_THE DATA_
━━━━━━━━━━━━━━━━
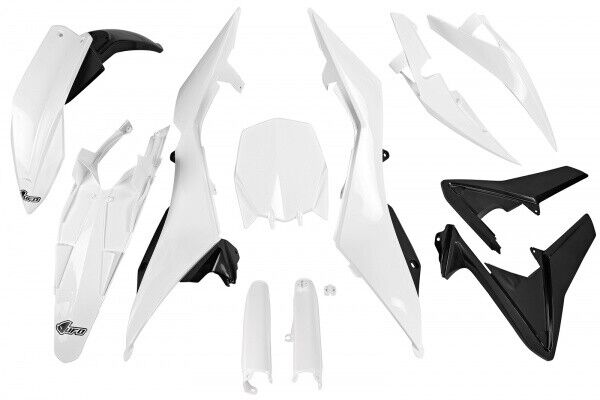 kit plastiche carene FULL Husqvarna TC 449 - 499 2011 - 2013 bianco Ufo Plast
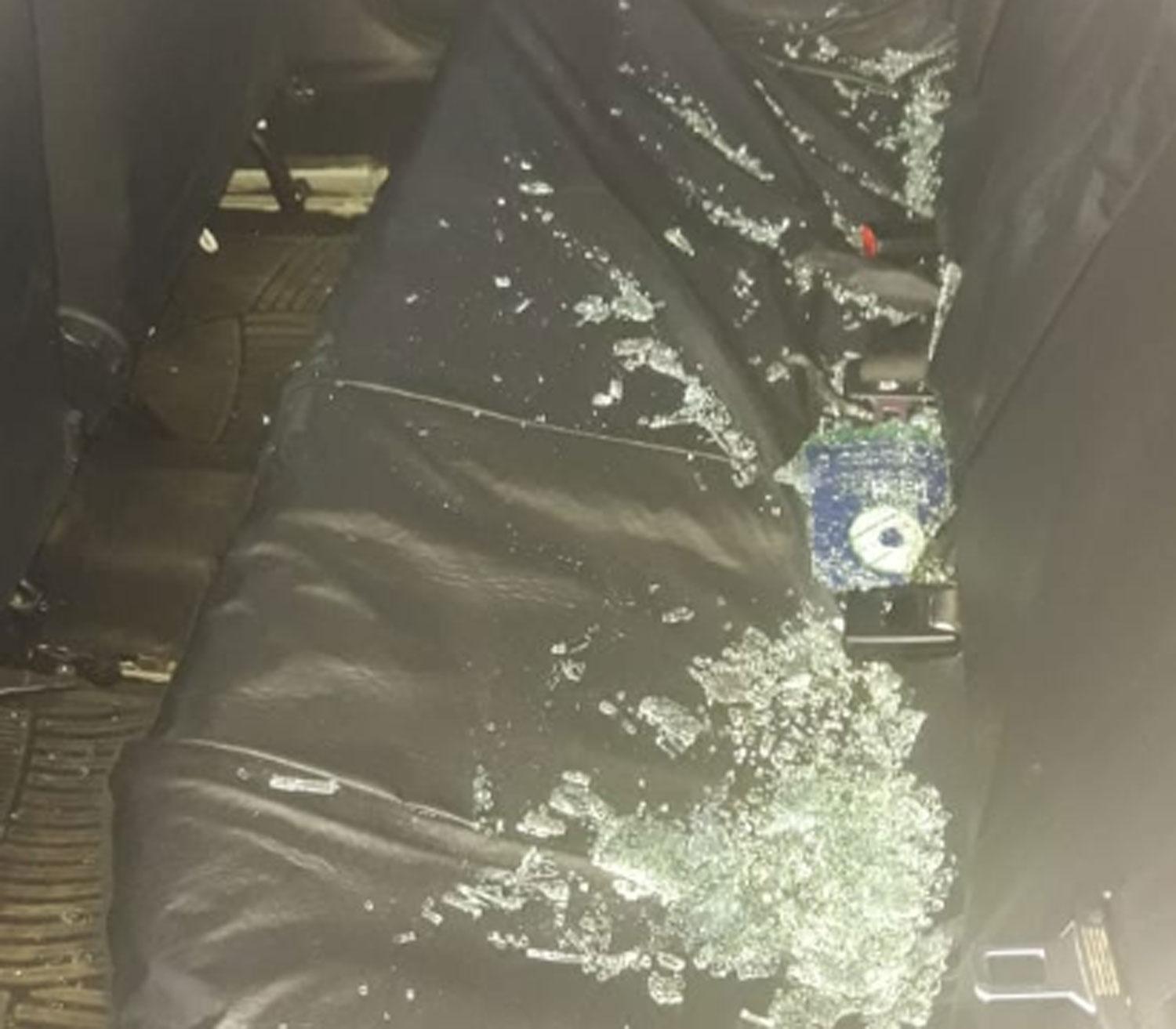 Me apuntó con el arma en la cabeza, dijo el taxista que tuvo un incidente con un federal 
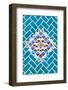 ¡Viva Mexico! Collection - Turquoise Mosaics-Philippe Hugonnard-Framed Photographic Print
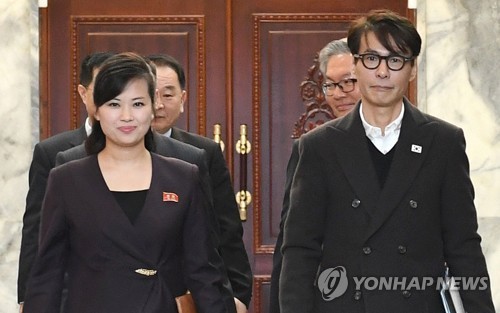  Une troupe d'artistes sud-coréens va donner deux concerts à Pyongyang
━━━━━━━━━━━━━━━━
_REQUIRED ACTION_
Starting at the line that holds "Me apuntó con", repeat every line through the end of the listing exactly as written, skipping any picture.

_REPLY TO THE EXERCISE_
 Me apuntó con el arma en la cabeza, dijo el taxista que tuvo un incidente con un federal 
 ¡Viva Mexico! Collection - Turquoise Mosaics-Philippe Hugonnard-Framed Photographic Print
  Une troupe d'artistes sud-coréens va donner deux concerts à Pyongyang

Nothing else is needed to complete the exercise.